Lately, there’s been a lot of talk surrounding SPACs. What are they? Are they a good investment? And where do I see the most opportunity?

Let’s start with defining SPACs…

SPACs stands for Special Purpose Acquisition Companies. Companies use this method to go public, without having to go through the rigorous process of listing shares via IPO.

Why SPACs should be treated differently…

While it’s easier for the company and can get shares into investors’ hands, buyers should beware and remain cautious surrounding SPACs because it’s clear that companies are taking advantage of the rush in retail trading and mania surrounding IPOs and SPACs in general.

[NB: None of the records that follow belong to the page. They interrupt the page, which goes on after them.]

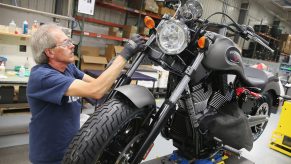 Man working on Victory motorcycle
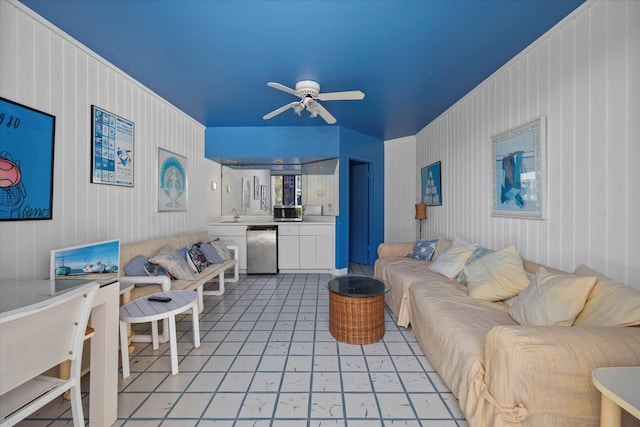 tiled living room featuring ceiling fan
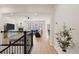 The staircase leads to a light-filled living space with a fireplace and modern furnishings at 2414 Leafdale Cir, Castle Rock, CO 80109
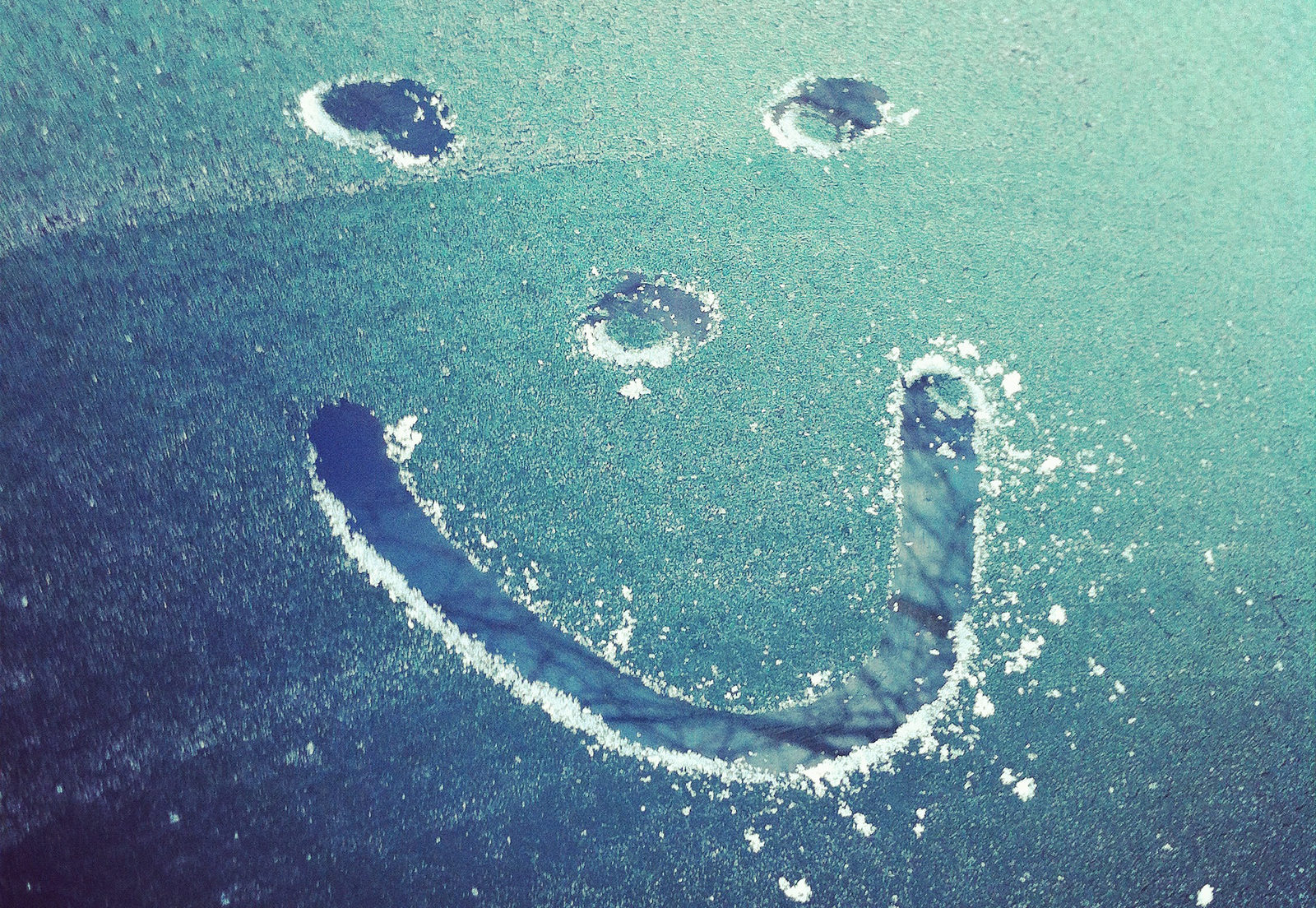 Smiley face on frozen windscreen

SPACs are a different breed of trading, and they simply will not get the amount of certainty that comes with buying something like Microsoft (MSFT). However, if given due diligence, you most certainly can find diamonds in the rough.

Here is my SPACs checklist:

Each ticker I consider must go through this checklist to determine whether or not it’d be a good candidate for investment.

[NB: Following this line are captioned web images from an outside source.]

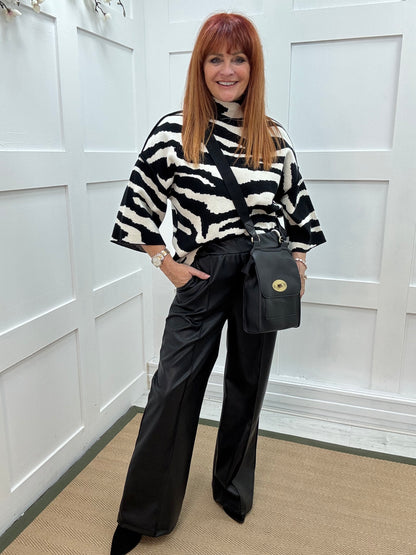 Tabatha: Black faux leather trousers. One size: 12-16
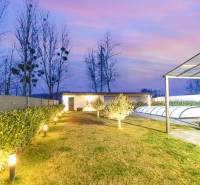 The garden of a family house in Dunajský Klátov with lighting, a swimming pool, and a shelter.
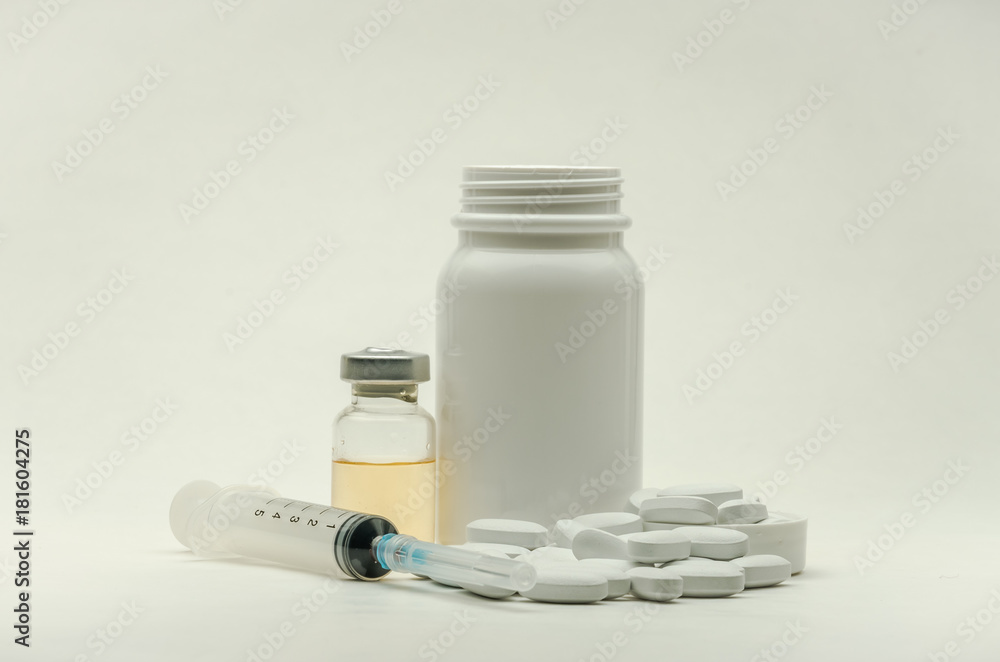 Pills, vitamins and syringe for injection with medications isolated on white background Pills, vitamins and syringe for injection with medications isolated on white background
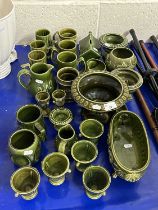 Collection of green glazed Holkham Pottery items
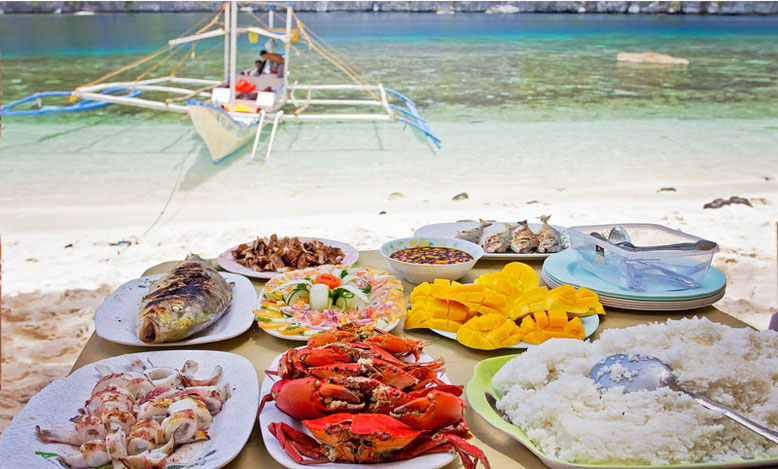 Why not all-day island hopping in the Philippines? With this lunch on a pristine beach? And for $13??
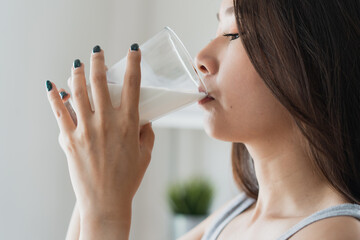 Healthy beautiful asian woman drinking plain fresh milk in the morning.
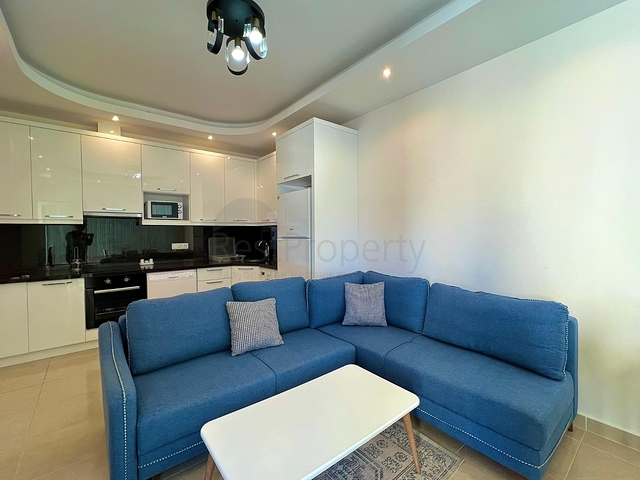 Квартира 1+1 в районе Махмутлар с мебелью и техникой.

  • Are they a disrupter in their field?

  • Are they led by someone with experience and a history of success?

  • Are they ahead of all others in their field thus far?

  • Is this something that I can imagine will take off with current generations?

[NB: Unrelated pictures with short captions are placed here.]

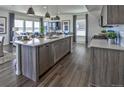 Bright, open kitchen featuring stainless appliances, a spacious island, and an open living area at 834 N Bently St, Watkins, CO 80137
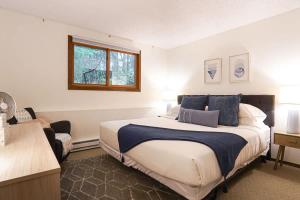a bedroom with a large bed and a window at Cedar Suite at Snowater in Glacier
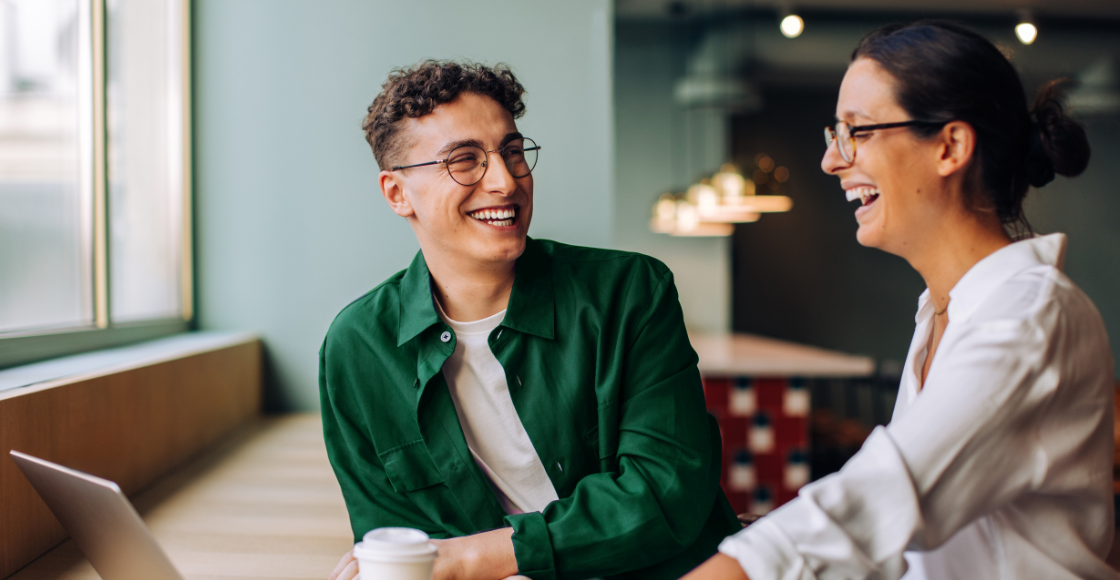 Two colleagues engaged in a conversation in an office environment.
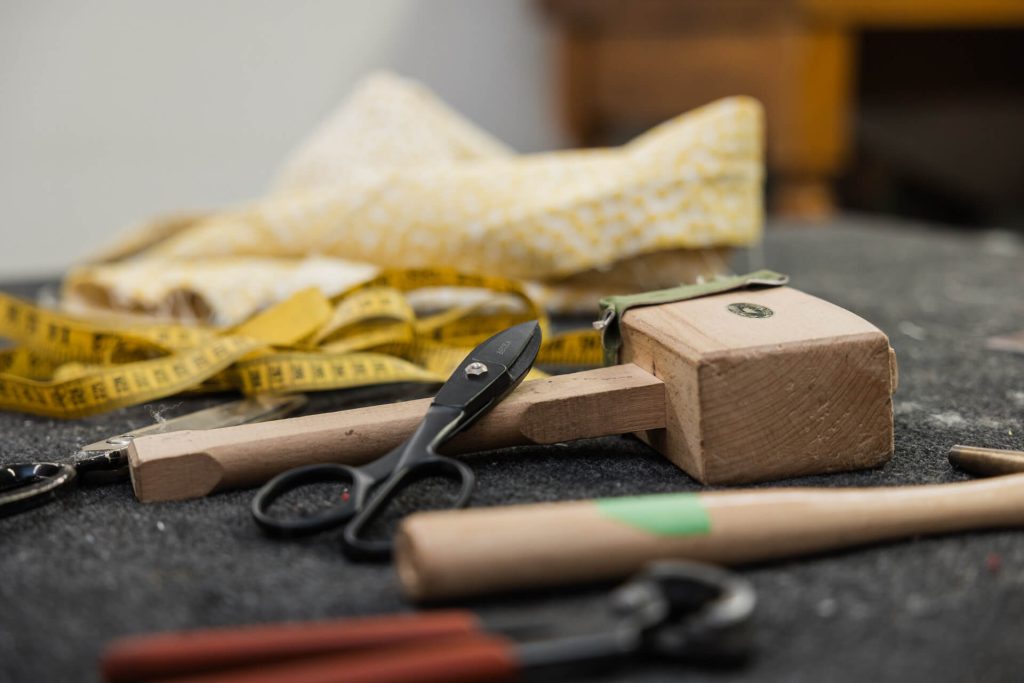 Set of upholstery tools, including a mallet, scissors and fabric on workshop bench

  • Are they truly Innovative?

With a SPACs, you can’t expect to look at fundamentals and use those as a deciding factor. It’s all about companies that are innovative, have proven to be unique leaders, and are being taken public by somebody that knows what they’re doing. Because there are so many of them, it’s critical to look at who is running them, ask yourself – are they innovative themselves, and would they put their name behind companies and brands that are likely to grow?